**Instructions to follow**
Repeat only the stretch of lines below that runs from the line with "GOOD GENES XL" through the line with "Protein-Shake-gym-cake-design", unaltered.

**Recorded data**
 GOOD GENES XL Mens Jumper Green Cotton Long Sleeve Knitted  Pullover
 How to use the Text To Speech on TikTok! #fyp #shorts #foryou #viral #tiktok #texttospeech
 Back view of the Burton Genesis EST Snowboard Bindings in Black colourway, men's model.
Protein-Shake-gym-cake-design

---

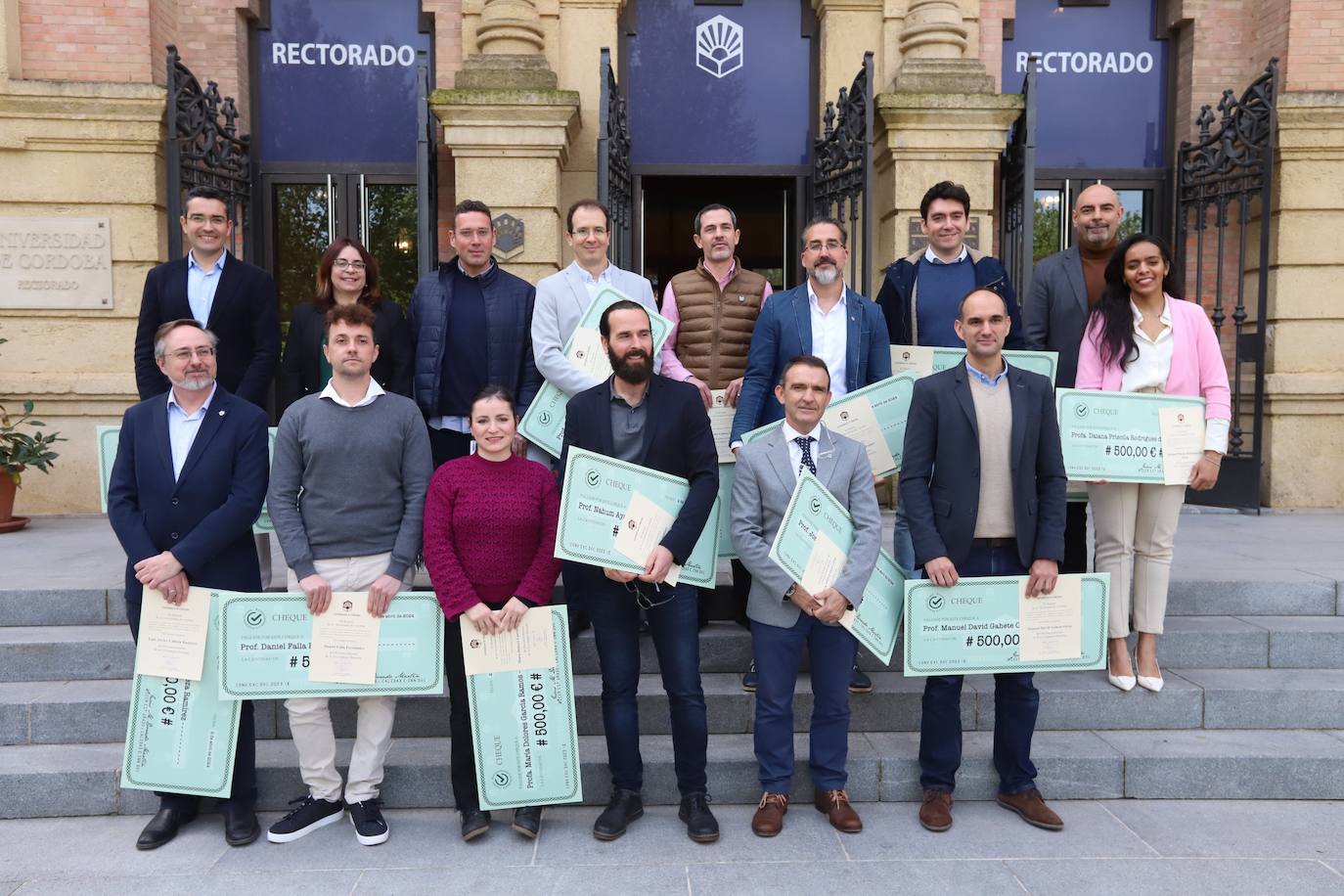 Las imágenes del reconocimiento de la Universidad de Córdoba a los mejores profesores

**Solution to the exercise**
 GOOD GENES XL Mens Jumper Green Cotton Long Sleeve Knitted  Pullover
 How to use the Text To Speech on TikTok! #fyp #shorts #foryou #viral #tiktok #texttospeech
 Back view of the Burton Genesis EST Snowboard Bindings in Black colourway, men's model.
Protein-Shake-gym-cake-design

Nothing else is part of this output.